## Task requirements
Retype each line of the material below word for word; pictures stay out.

## Dataset records
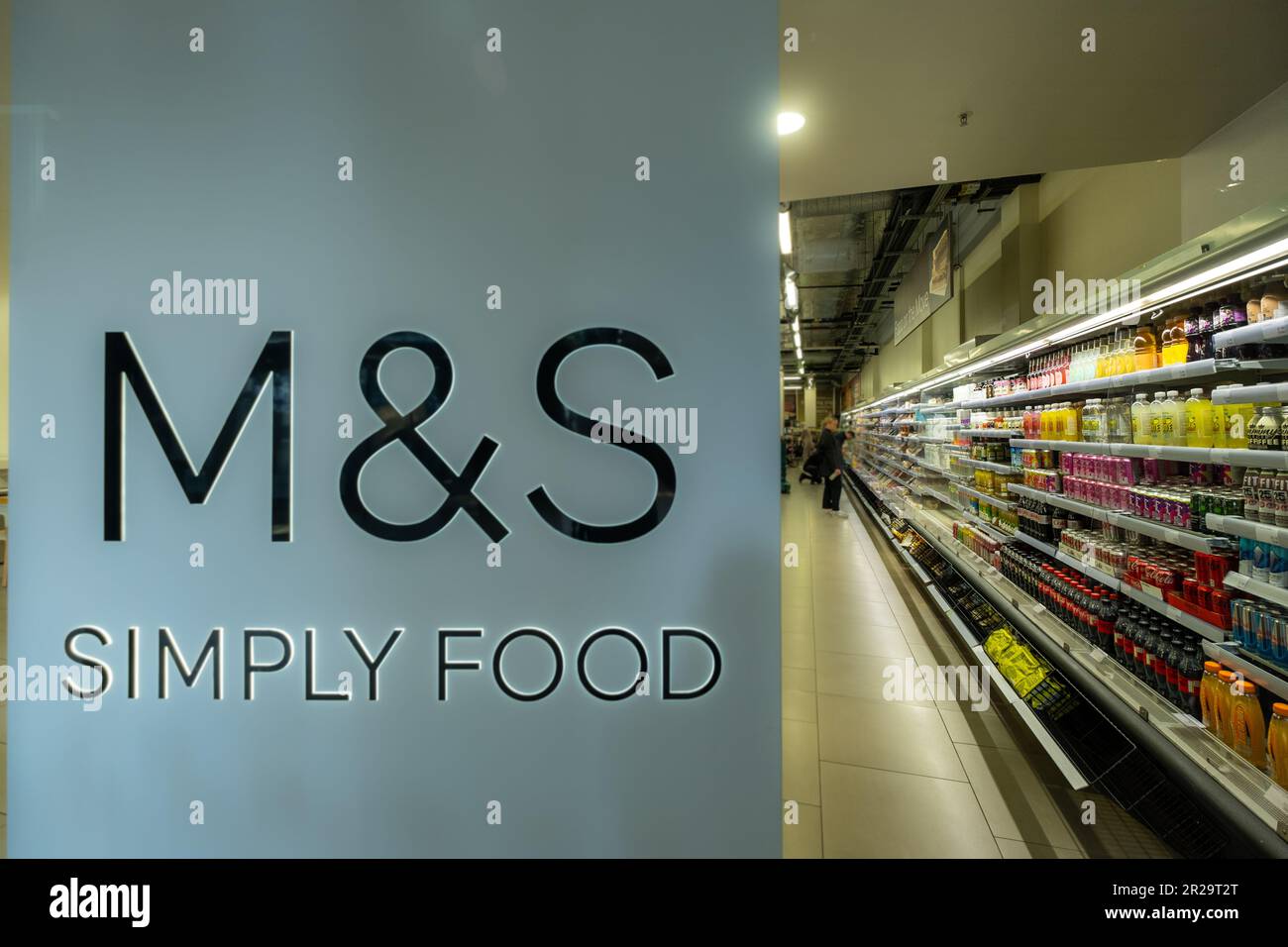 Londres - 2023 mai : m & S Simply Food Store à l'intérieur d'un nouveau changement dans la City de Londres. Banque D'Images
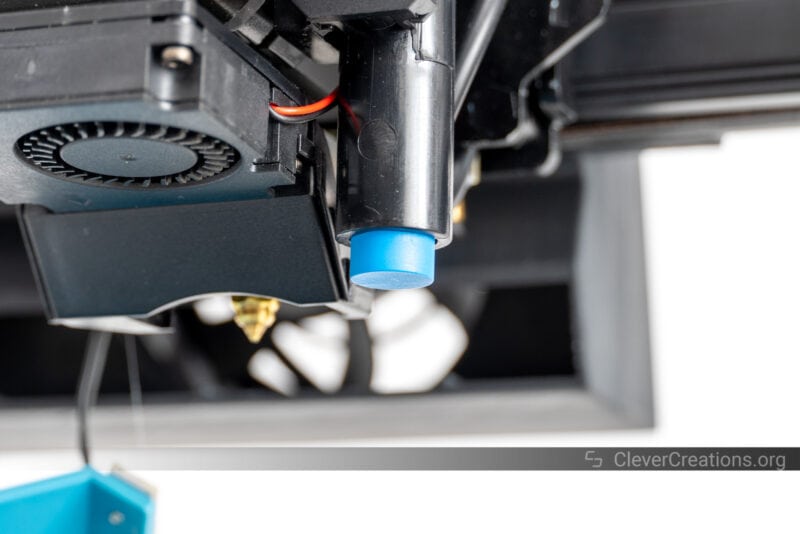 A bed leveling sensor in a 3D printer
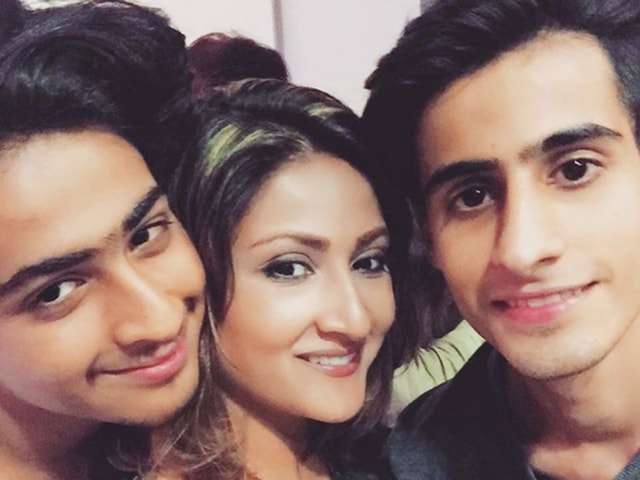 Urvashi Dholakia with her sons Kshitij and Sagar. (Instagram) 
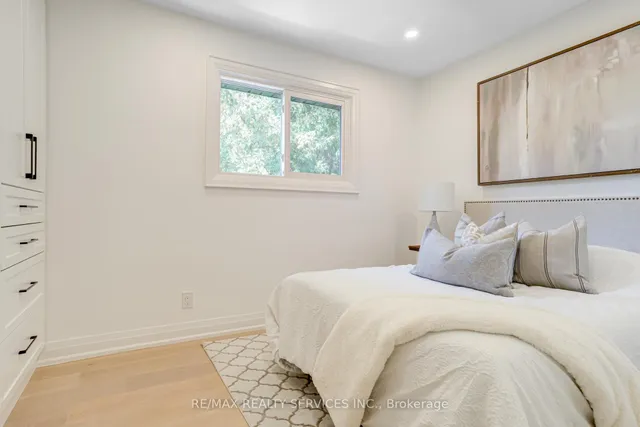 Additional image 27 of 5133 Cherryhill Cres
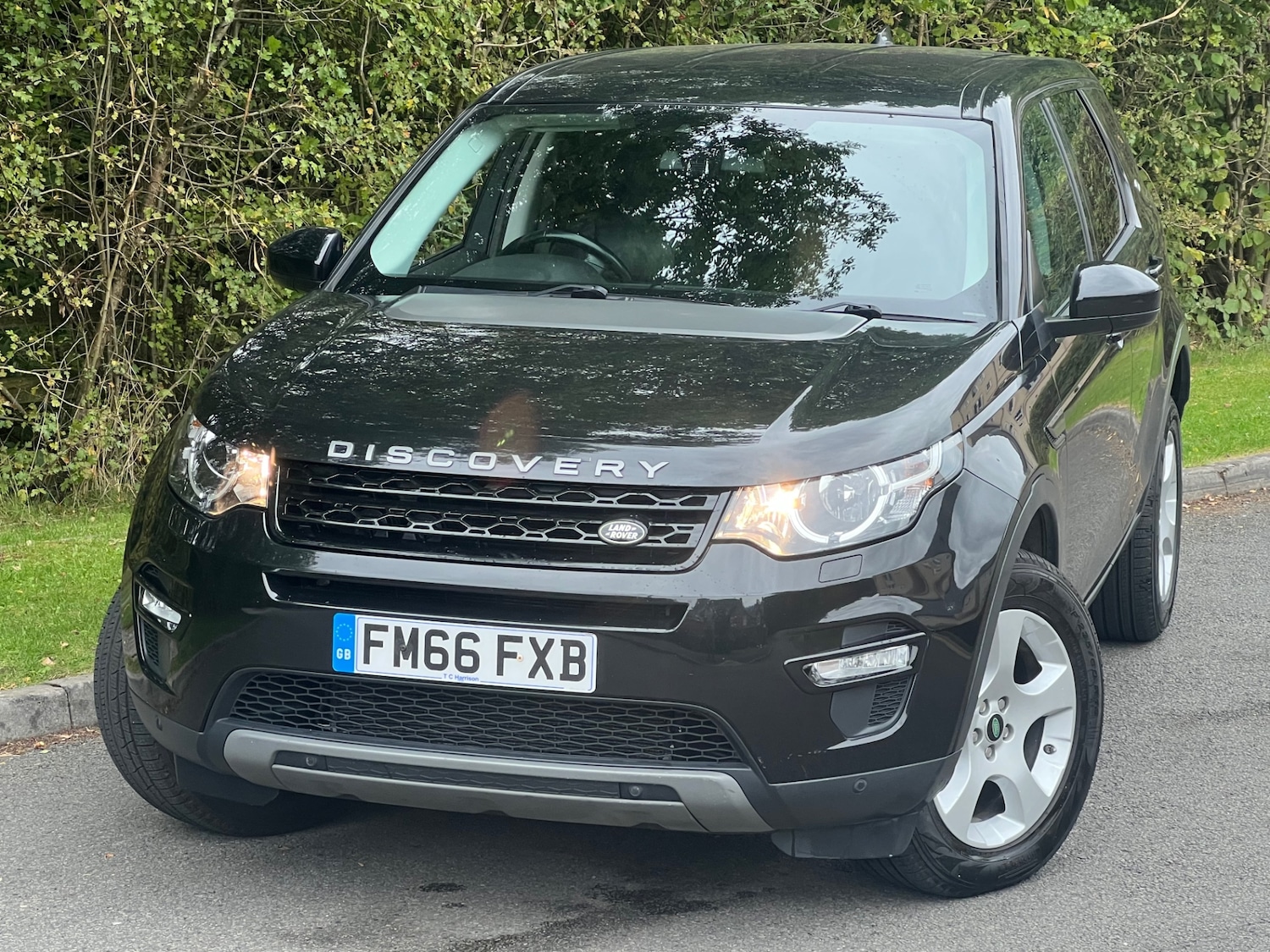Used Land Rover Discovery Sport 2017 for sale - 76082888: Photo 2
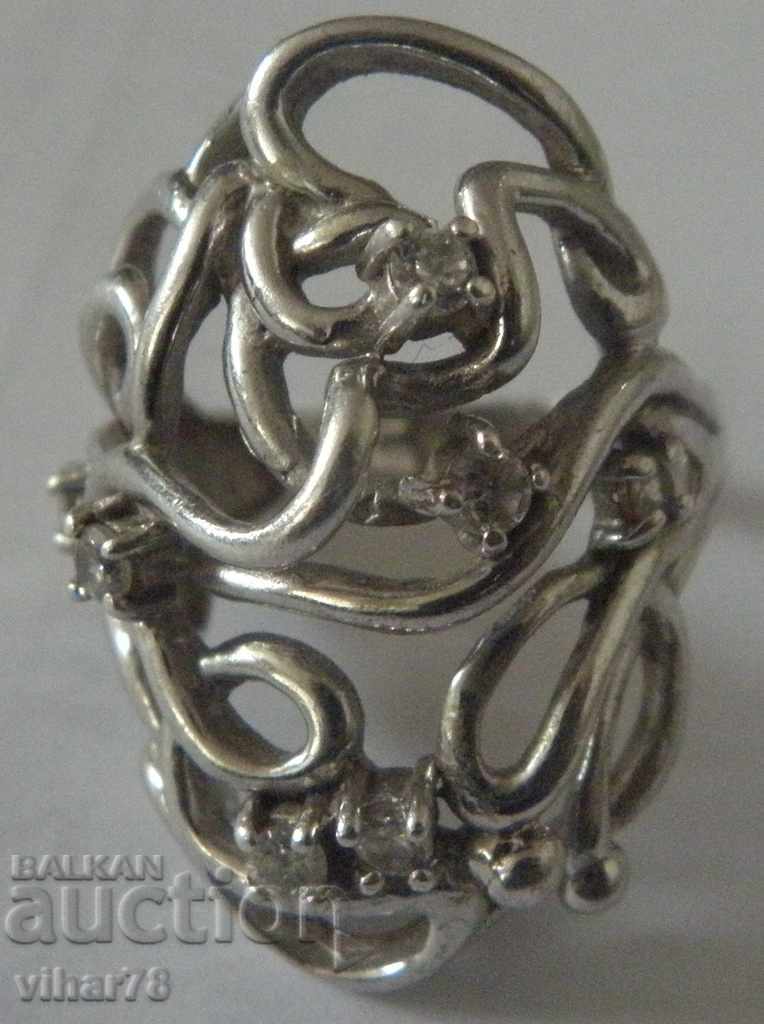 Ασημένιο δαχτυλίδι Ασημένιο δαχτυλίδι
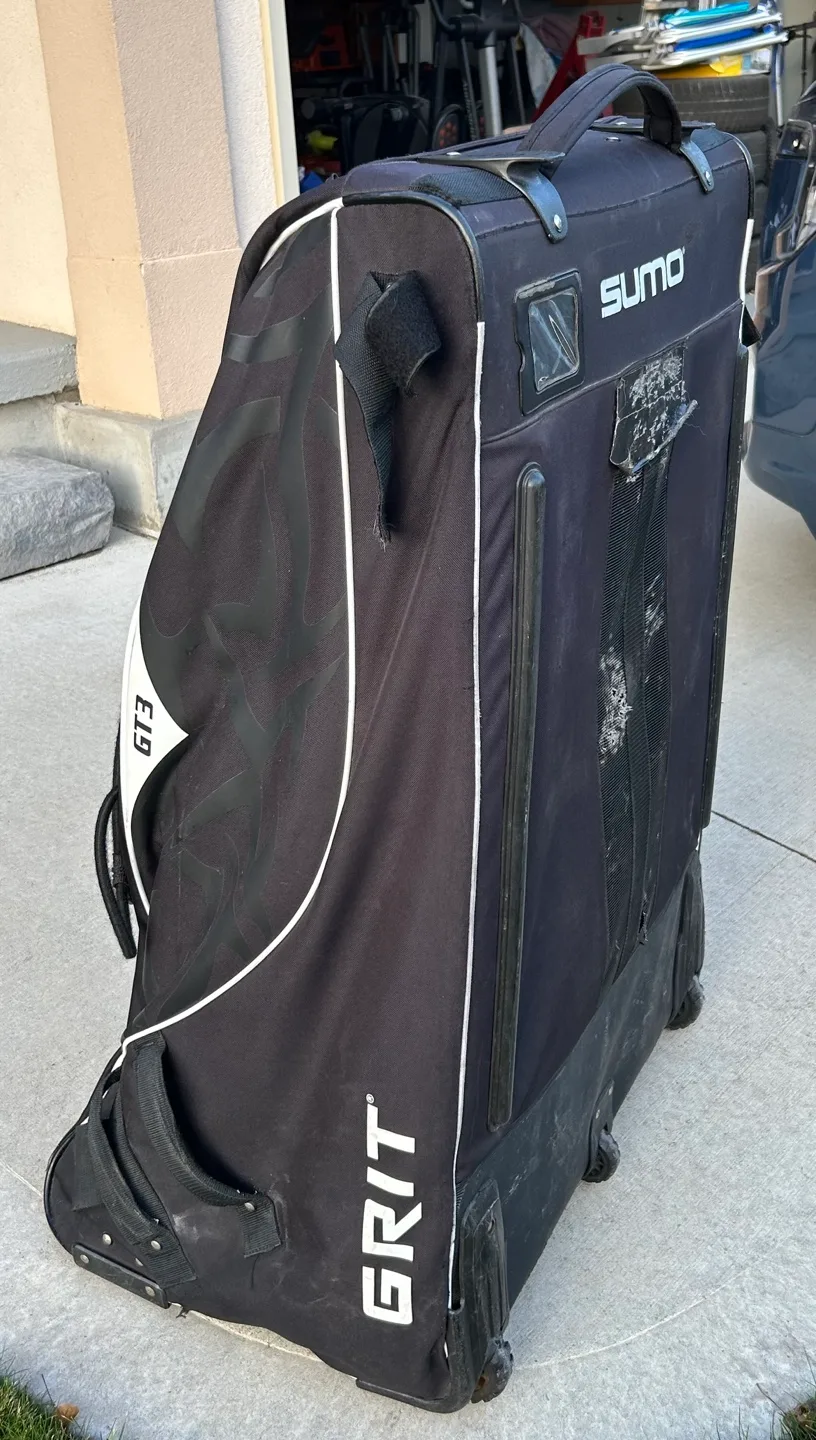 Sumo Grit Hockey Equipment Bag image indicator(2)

## Response to the exercise
 Londres - 2023 mai : m & S Simply Food Store à l'intérieur d'un nouveau changement dans la City de Londres. Banque D'Images
 A bed leveling sensor in a 3D printer
 Urvashi Dholakia with her sons Kshitij and Sagar. (Instagram) 
 Additional image 27 of 5133 Cherryhill Cres
Used Land Rover Discovery Sport 2017 for sale - 76082888: Photo 2
 Ασημένιο δαχτυλίδι Ασημένιο δαχτυλίδι
 Sumo Grit Hockey Equipment Bag image indicator(2)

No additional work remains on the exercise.